Codec2WalkieTalkieが気になる

 こんなgitリポジトリを見つけてしまいました。

 readmeを読むと、Codec2で圧縮した音声をデータ通信用の無線モジュールに流してデジタル式のWalkieTalkieを作るというPOCだと書いてあります。昔ガキトラと呼ばれた子供用のおもちゃトランシーバで遊んだことを思い出しました。時代が進みそんなおもちゃをデジタル技術で手作りできるワクワクを感じさせるリポジトリです。

 面白そうなので試したいと思い、売れ残りのSTM32F407G-DISC1を購入しました。このボードはNucleoシリーズができる前からあると記憶しております。今となっては流通量が少ないみたいです。とりあえず試すためのボードはこれで良しとして、問題は無線モジュールです。

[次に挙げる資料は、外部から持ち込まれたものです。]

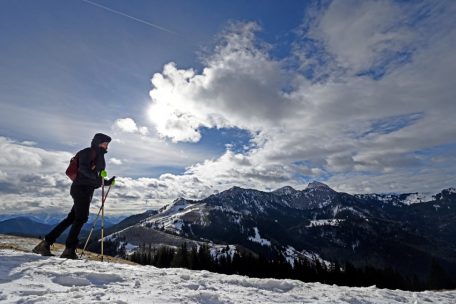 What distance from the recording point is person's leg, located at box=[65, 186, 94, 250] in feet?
34.4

対応している無線モジュールを見ると技適が無いものばかりです。とりあえずは部品箱に眠っているXBeeあたりで試すことにします。

 XBeeを使うのであれば 日本で使えないRadioHeadフォルダー以下は捨ててしまっても良さそうなのと、プロジェクトコードは最近STが推しているCubeMXで作られていないようなので、入出力部を含むメインは新規に作り直すことにしました。まずは音声の入出力部をCubeMXで定義したのですが、いろいろハマったので記録として残しておきます。プロジェクトの作成はSTM32F407G-DISC1を選択すれば、大方の設定は自動で行われるのでこれを選びました。

 最初にDACへのデータ出力を定義します。Codec2WalkieTalkieのソースコードのコメントより20msに160サンプルを扱うということなので非圧縮部のデータレートは8kHzです。

 I2S3を以下のように設定しました。

 送信側のDMAを割り当てます。モードはCirculer、Data WidthはHalf Wordとします。

 次にMEMSマイクのインタフェースを設定します。この設定はハマりました。結果は以下のようになります。同時に受信側のDMAを割り当てます。モードはCirculer、Data WidthはHalf Wordとします。

 

 設定のポイントはオーディオ周波数(32kHz)です。STM32F407G-DISC1のMEMSマイク(MP45DT02)のクロック周波数は最低でも1MHzにする必要があります。それ以下の場合はPDMの出力がありません。最低1MHzの仕様も見落としてハマりました。したがって、クロック出力が1MHz以上になるようにオーディオ周波数を設定する必要があります。で、なぜ32kHzなのか?

 STM32F407G-DISC1のマイクは1つでモノラルです。一方、I2SはLR交互にデータが並ぶステレオを前提とした作りになっています。オーディオ周波数=32kHzでフレームフォーマット=16bitを設定すると発生するクロックは、32 x 16 x 2(ステレオ) = 1024kHzとなります。I2Sはステレオ仕様ですが読み込まれたデータはLRに関係なく時系列に並びますので純粋に1024kHzのモノラルなPDMデータを取得できることになります。

 DACの使い方はこちらを参考にしました。

github.com 上記サンプルのようにDMAにメモリさえ割り当ててしまえば、適切なタイミングでデータをコピーするだけで音声を出力…と思ったのですがDMAが動いてくれません。普段はこんなことないのに何で??デバッグプリントでNDTRレジスタを確認しても値に変化がない状態です。しばし途方に暮れましたが、同じ現象を乗り切ったVLOGのおかげで解決しました。CubeMXの闇を見た感じです。

qiita.com DMAのバッファリングサイクルをLEDの点滅で確認できるように125ms分と決めました。マイク側は1024kHz / 16bit = 64kHz(15.6us)単位にNDTRレジスタがカウントされます。したがって、uint16_tの配列の長さは8000(8000 x 15.6us = 125ms)となります。DAC側は8kHz x 2(ステレオ) = 16kHz(62.5us)単位にNDTRレジスタがカウントされます。したがってuint16_tの配列の長さは2000(2000 x 62.5us = 125ms)となります。

 いよいよループバックテストのメインロジックが書けるようになりました。メインループでマイク側のNDTRレジスタをポーリングし、1データ受信したらi2s_dma_word_rx()関数を呼び出します。この関数の呼び出しタイミングは64kHz程度になる予定、出力側は8kHzなので1/8にデシメーションし8kHzを作ります。ここはCodec2WalkieTalkieとほぼ同じ処理です。少々乱暴にも見えますが8kHzのタイミングでFIRフィルタ後の値を取得し、そのままDACのDMAバッファに値を代入します。入出力ともに正常動作すれば8kHzタイミングで同期されているので特にFIFOなどを挟む必要はないはずです。

 ループバックテストは目論見通りに動作したので今回はここまでです。いろいろハマってCodec2まで到達しませんでしたが続きを楽しみたいと思います。